The final stage of the decision-making meltdown in Afghanistan occurred after the Taliban took Kabul and surrounded U.S. forces confined to the airport. After boxing itself in, the U.S. leadership could do little once the Taliban took Kabul in mid-August. At that point, the war moved into its final stage: attrition. Attrition is fought in the physical sphere. It’s won by physically damaging an opponent or disconnecting them from sources of support and materiel. In this case, the Taliban successively detached the U.S. mission from the rest of the country, the rest of Kabul (where many people remained trapped), and from the civilian side of the airport. It then slowed the pace of movement through the gates, through mobs, checkpoints, and finally through the use of proxy attacks (ISIS-K).

Unwilling to recognize that the U.S. mission (thousands of troops and civilian personnel) and the tens of thousands of civilians were at grave risk of being completely cut off by an attack on the airport itself (a single runway that could have been easily shut down), the U.S. chose to assume that the Taliban would allow them to continue the evacuation unimpeded. That was proven false as the noose tightened around the airport.

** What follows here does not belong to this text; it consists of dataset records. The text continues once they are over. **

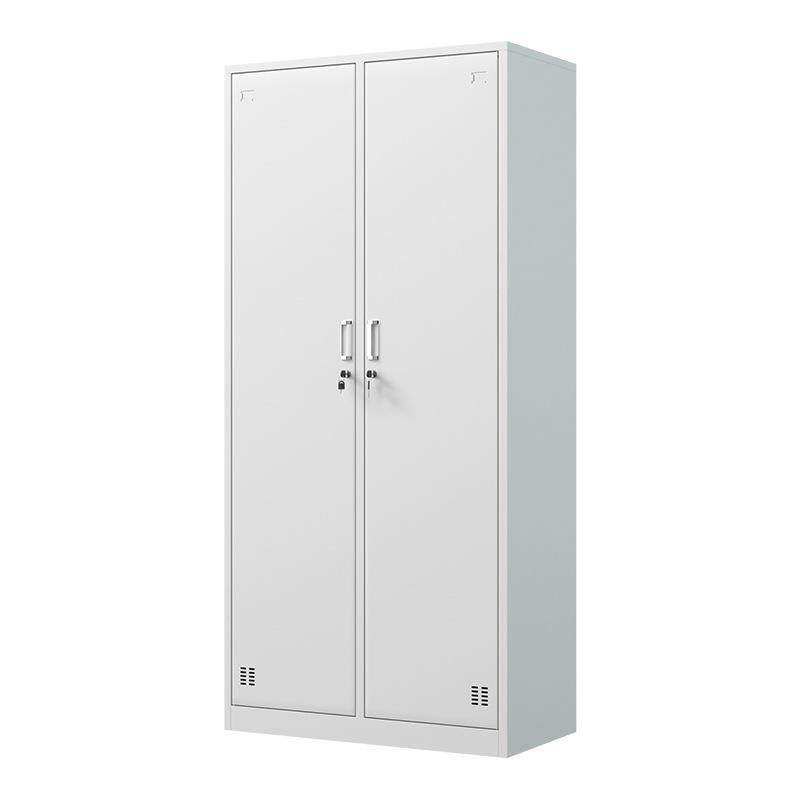 办公室二门员工更衣柜铁皮柜子2门储物柜带锁健身房3门浴室换衣柜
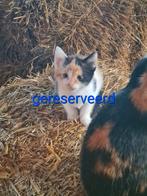 Boerderijkittens, Dieren en Toebehoren, Katten en Kittens | Overige Katten, Meerdere dieren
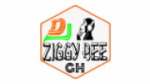 Ecouter Dj+Ziggy+Bee+pro Accra en direct Ecouter Dj+Ziggy+Bee+pro Accra en direct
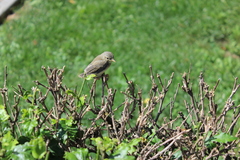 Phylloscopus trochilus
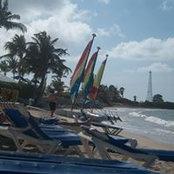 Laura Hood's photo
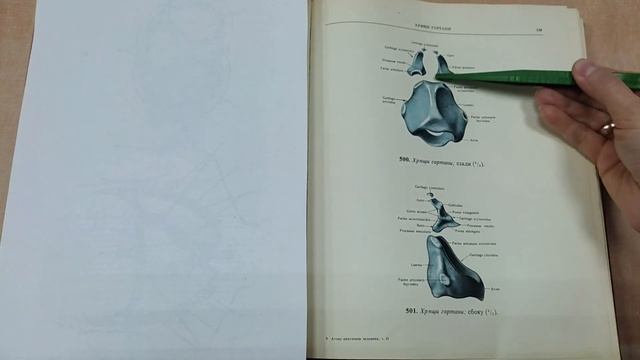 Наружный нос, полость носа, гортань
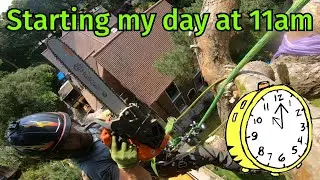Starting my days work at 11am (easy tree removal)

As the evacuation dragged on, it became increasingly evident, even to a U.S. leadership unwilling to admit it, that the Taliban could turn the U.S. mission into a hostage crisis within hours. To prevent this outcome, the U.S. was undoubtedly forced to make concessions to the Taliban. On the surface, this took the form of government public messaging that increasingly depicted the Taliban as reformed and reasonable rulers of a new Afghanistan—trustworthy partners who would help protect the U.S. mission from harm and assist in evacuations. Behind the scenes, there may also have been concessions on removing the Taliban from terrorist watch lists, removing trade restrictions, and providing access to Afghan government funds. Announcements on such concessions, if they occurred, would obviously be delayed due to the political costs of revealing them now; by the end of 2021, we’ll probably know the extent of the capitulation.

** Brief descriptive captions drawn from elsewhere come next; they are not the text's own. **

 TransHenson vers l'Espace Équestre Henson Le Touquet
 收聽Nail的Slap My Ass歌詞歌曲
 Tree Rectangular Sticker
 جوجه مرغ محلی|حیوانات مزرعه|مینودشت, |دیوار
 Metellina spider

The U.S. failed to recognize and adapt to all three phases of the retreat from Afghanistan, from the loss of the guerrilla war to the Taliban offensive to the siege in Kabul.

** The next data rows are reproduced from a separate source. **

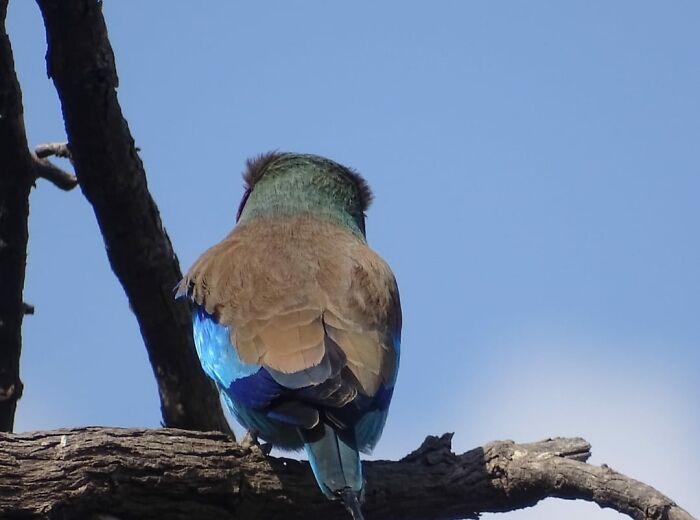 "Yoo Hoo! I Say! Hello! Please Look This Way...." To No Avail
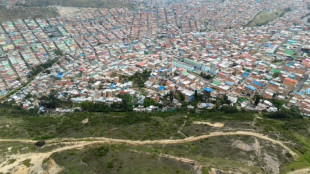 Un eucalipto con una leyenda macabra ser&aacute; patrimonio cultural de Bogot&aacute; 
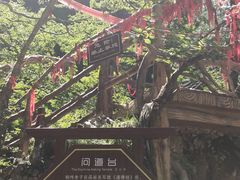 -塔云山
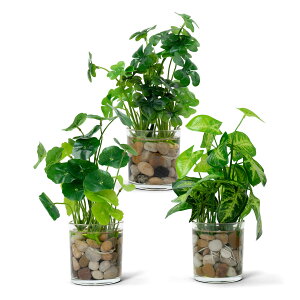 urTvWillingYou  ϗtA k KXRbv 3_Zbg CeAO[ tFCNO[  ϗtA   rO ItBX  sv Mt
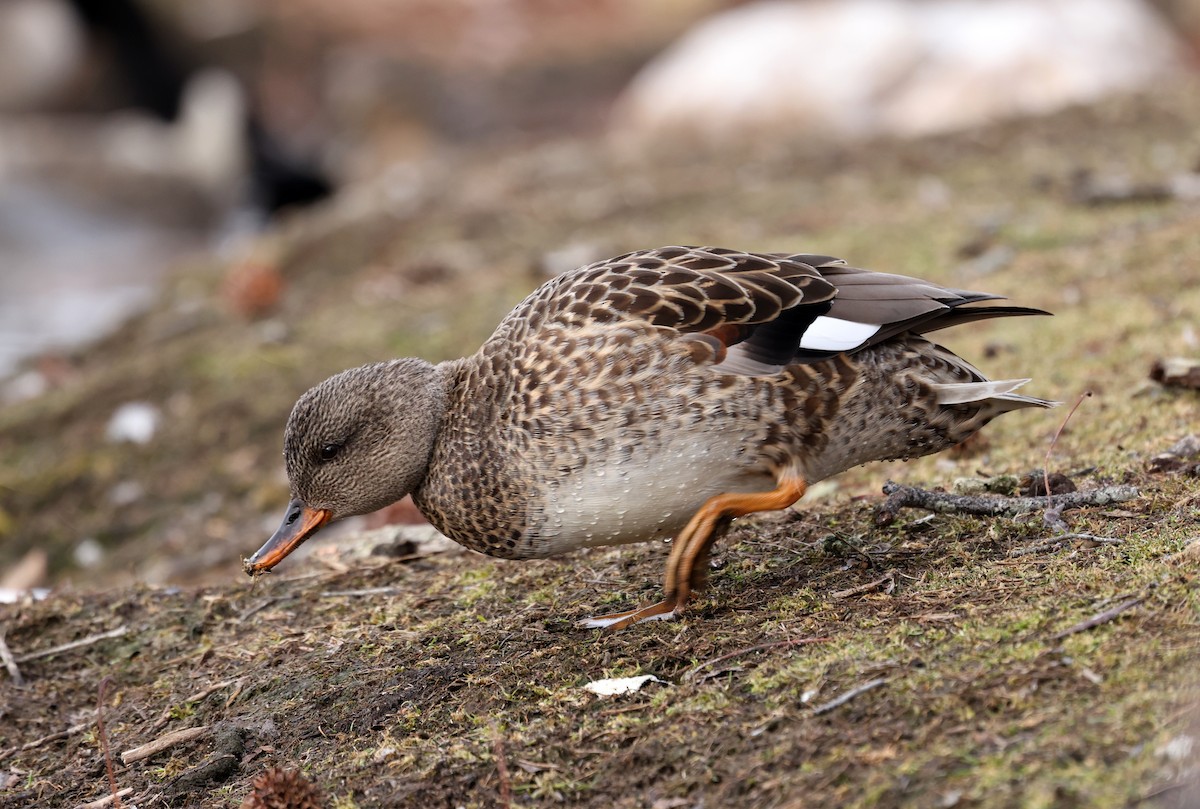 Серая утка - ML650210356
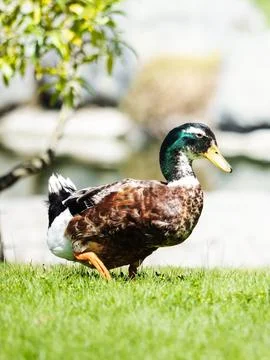 A duck is walking on the grass Fotos de archivo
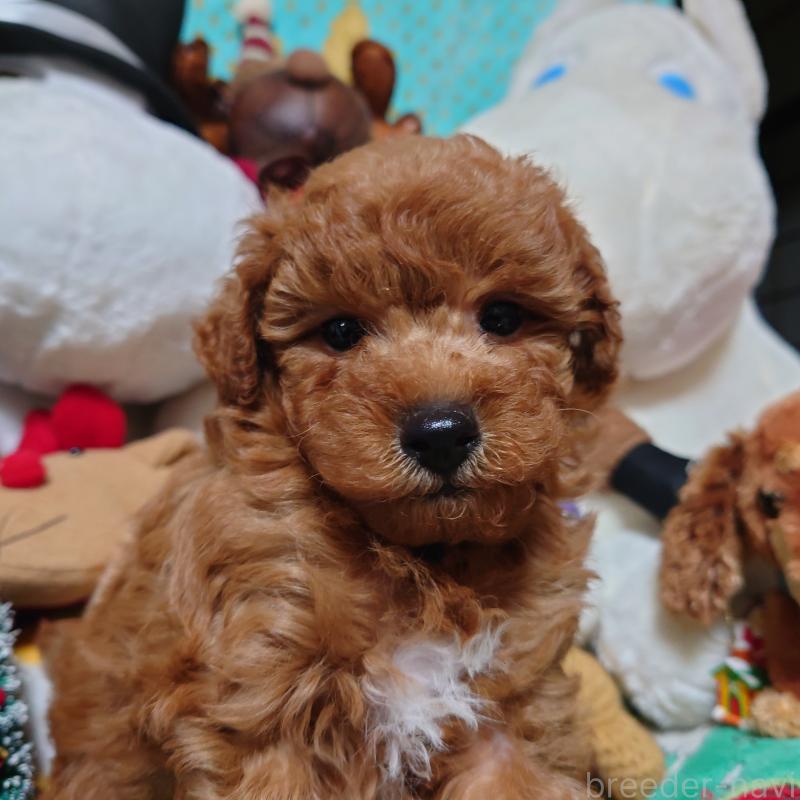 販売中の福岡県のトイプードル-419736の3枚目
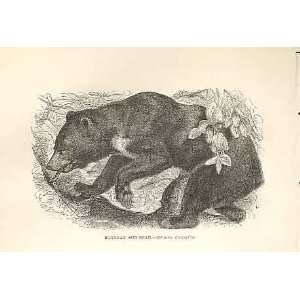  Bornean Sun Bear 1862 WoodS Natural History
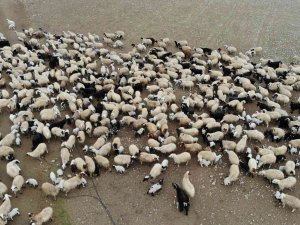 Hayvancılık Desteklemeleri Ödemeleri Başladı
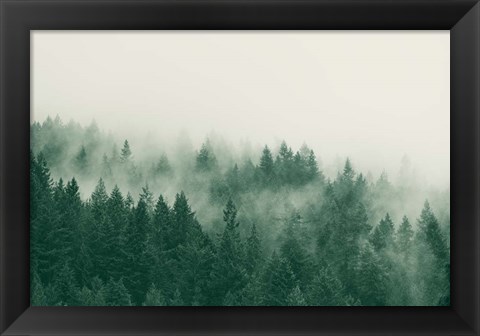 Framed Emerald Forest No. 1 Print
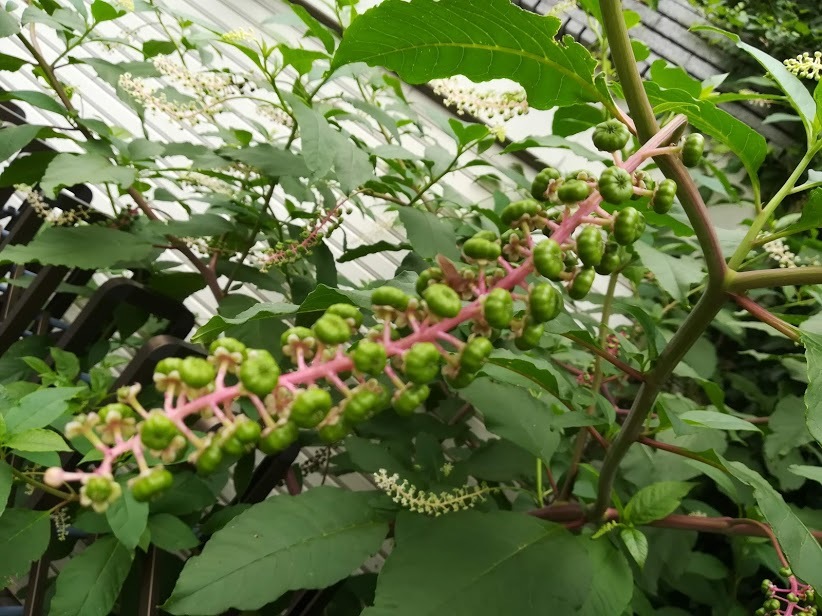 a0248459_13423586.jpg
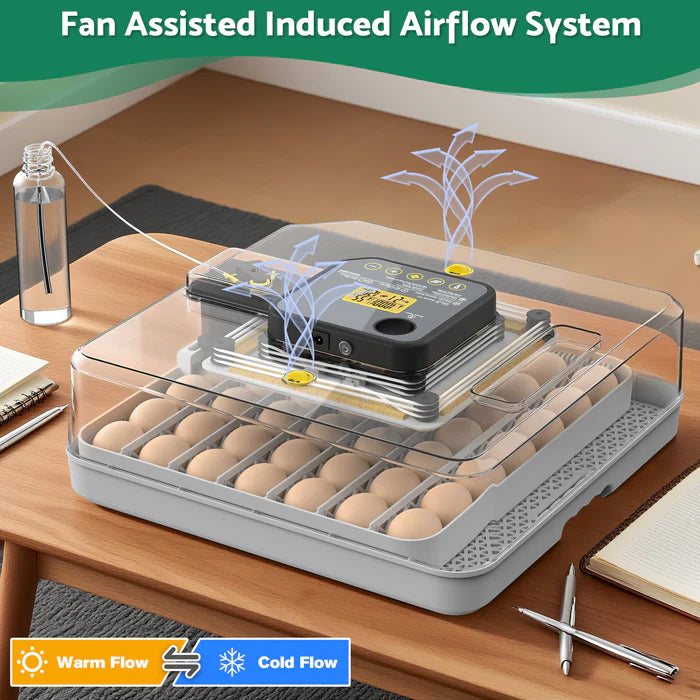Egg incubator with fan assisted induced airflow system on a wooden surface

Despite this failure, it’s likely that nothing will be done to ensure that it doesn’t happen in the future. Politicized analysis of the retreat will depict it as a victory for diplomacy. Few U.S. soldiers were killed, and over 100,000 people were evacuated. Further, claims will be made that any analysis that doesn’t support this narrative is the equivalent of delusional disinformation. The institutional failures that prevented successful adaptation, from recognizing the failure of nation-building to the danger of relying on a single point of failure during a military evacuation, will be glossed over and forgotten. From the start of the effort decades ago to its ignoble end, nobody responsible for the venture will accept any accountability for it. No one will suffer damage to his career or incur reputational damage, except those brave souls who tried to stop it.

Unfortunately, war is an unforgiving teacher. During the next war, these unaddressed shortcomings in decision-making could become critical failures in a catastrophic loss.